Dr. James Dobson is the leader of Focus on the Family, a powerful organization among the “religious right”. He is stark-raving mad about the recent capitulation on behalf of “moderate” Republicans on the so-called nuclear option. And rightfully so. Though the Republican party has a majority of 55 Senators to the Democratic party’s 44—there is one independent—the Republicans have “compromised”.

Compromise is too nice a word. They have sold out. This may finally bring awareness to loyal members of the party base, that, no, your voice does not matter. Seven Senate Republicans have decided that fighting for federal pro-life judges is not worth the political risk. It’s time the religious right made them regret their remarks.
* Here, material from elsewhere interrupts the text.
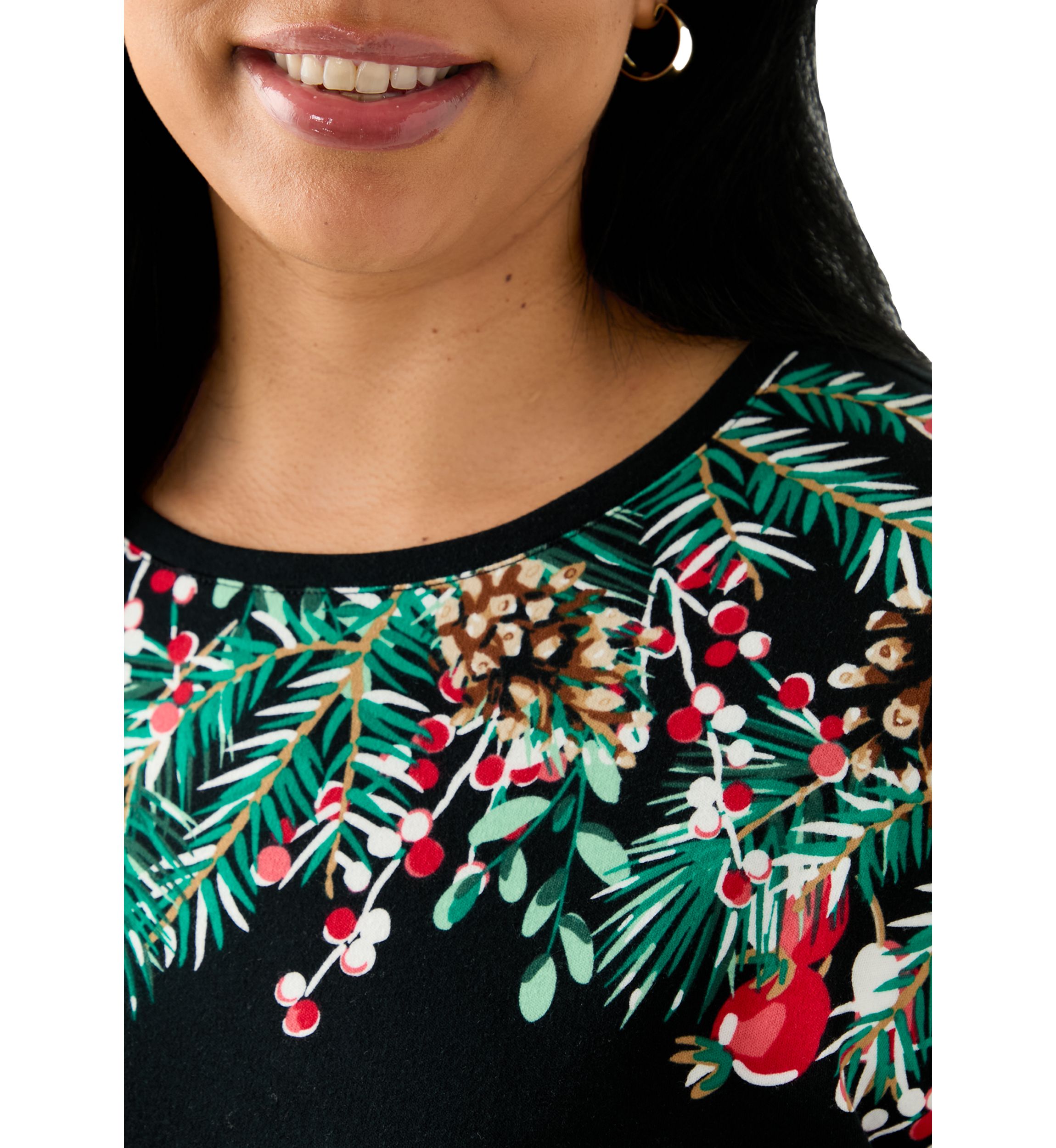 Plus Size Three-Quarter Sleeve Crew Neck Placement Print Top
The compromise being so highly tauted in certain circles— thought is was great, which should say something—means that getting a pro-life justice appointed to the Supreme Court will be extremely difficult. In exchange for conformation votes on Owens, Brown and Pryor to federal courts, the Democrats promise not to filibuster except in “extraordinary” circumstances. The price to pay for the Republicans is that they may not use the “nuclear option” to force a vote on nominees.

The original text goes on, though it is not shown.